Geçmişten ders çıkarmak…
Köyün birine eski zamanda bir çakmak getirmişler, çakmak o kadar kıymetli ki, sağı-solu yakmaması, yanlış işlerde kullanmaması için güvenilir birine teslim etmek gerekiyormuş. Köylüleri toplayıp bu ateş aletini kime verelim diye sormuşlar. Köylüler de muhtarı salık vermiş, ihtiyaç duydukça alır, ateşimizi yakarız, demişler.
Muhtar çakmağı alınca -ateşin sahibi olarak- giderek saygınlığı artmış, etrafında dalkavuklar, yağcılar toplanmaya başlamış. Saygı arttıkça muhtarın kibri de büyümüş.
Etrafından daha çok saygı, daha çok korku beklemeye başlamış. Ateşi kendine verenin köylüler olduğunu unutmuş. Dalkavukların da tahrikleri ile ateşi baskı ve korkutmak için kullanmaya başlamış, kiminin evini, kiminin tarlasını yakmış.
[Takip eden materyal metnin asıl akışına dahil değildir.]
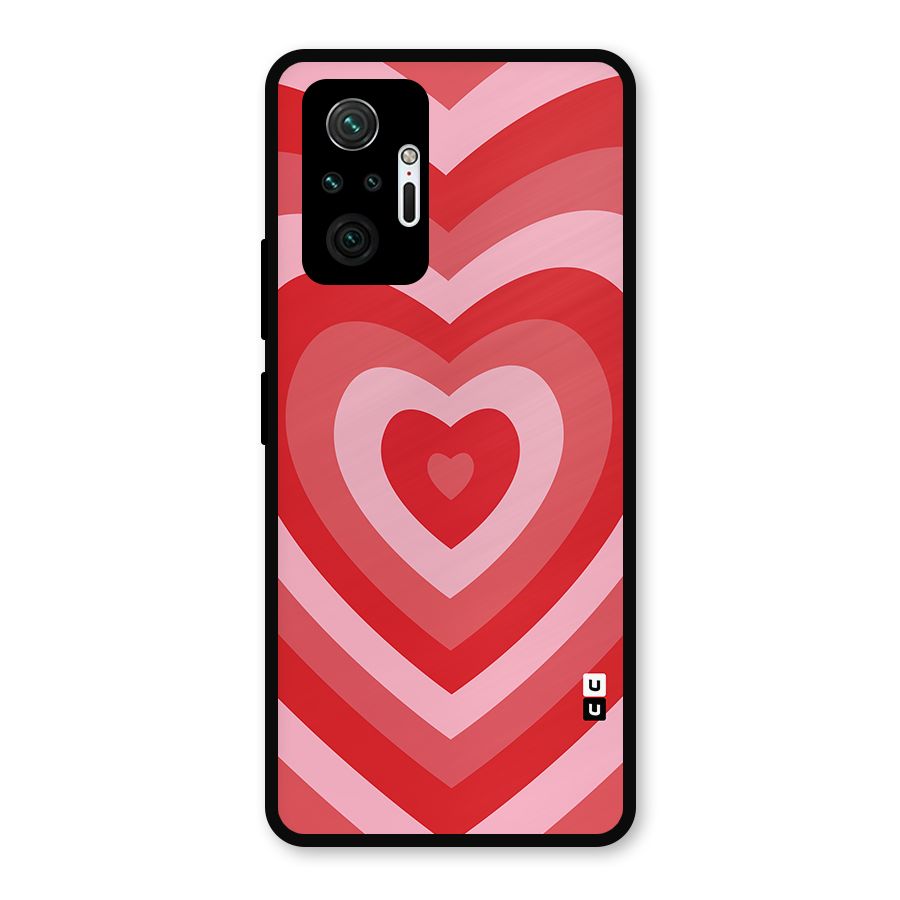 Red Retro Hearts Metal Back Case for Redmi Note 10 Pro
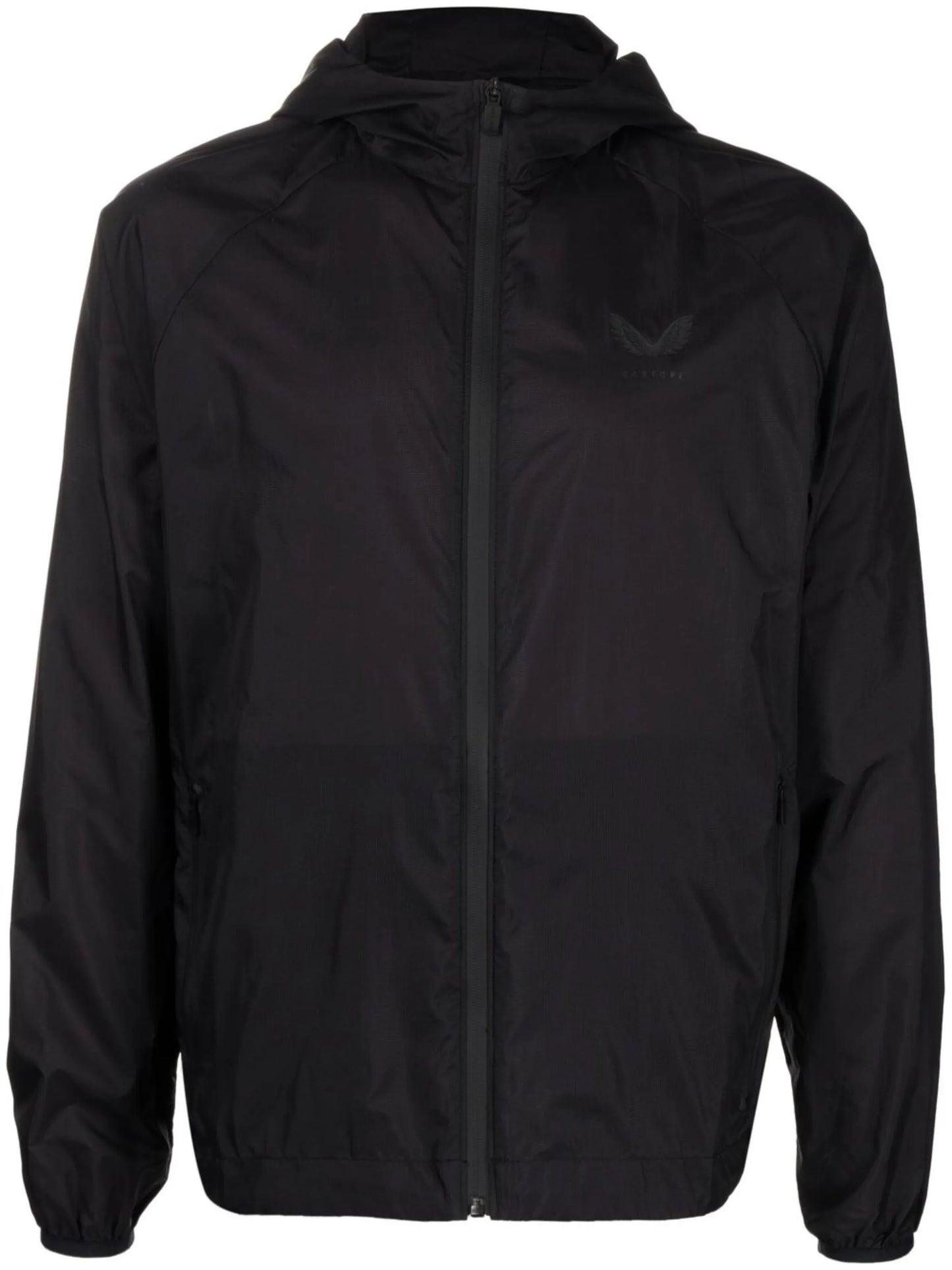 zip-up hodded jacket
Tarlalar sürülemez, evler yaşanamaz hale gelmiş. Muhtarın baskısından köylüler yavaş yavaş köyden ayrılmaya başlamışlar. Ticaret durmuş, köye gelen çerçilerin ayağı kesilmiş, çevre köyler gelişirken muhtarın köyü giderek gerilemiş.
Muhtarın köylülerinden biri kendileri gerilerken, çevre köylerin niçin geliştiğini merak edip çevre köylerden birine gitmiş.
Oradaki zenginliği, bağı bahçeyi görünce sormuş; “Sizde çakmak yok mu?”
Köylüler; “var” demişler,
“Peki, sizin köy böyle nasıl gelişti, bağınız, bahçeniz yanmadan nasıl böyle kaldı, bizim köyde her şey tarumar oldu?”
Köylüler; “yoksa siz çakmağı bir kişiye mi verdiniz?”
“Evet, muhtara verdik.”
“Eyvah! Büyük yanlış yapmışsınız, hiç çakmak bir kişiye verilir mi?”
“Siz öyle yapmadınız mı?”
“Hayır, biz öyle yapmadık, biz çakmağı bir kişiye verdik, çakmak taşını başka bir kişiye, benzinini başkasına verdik.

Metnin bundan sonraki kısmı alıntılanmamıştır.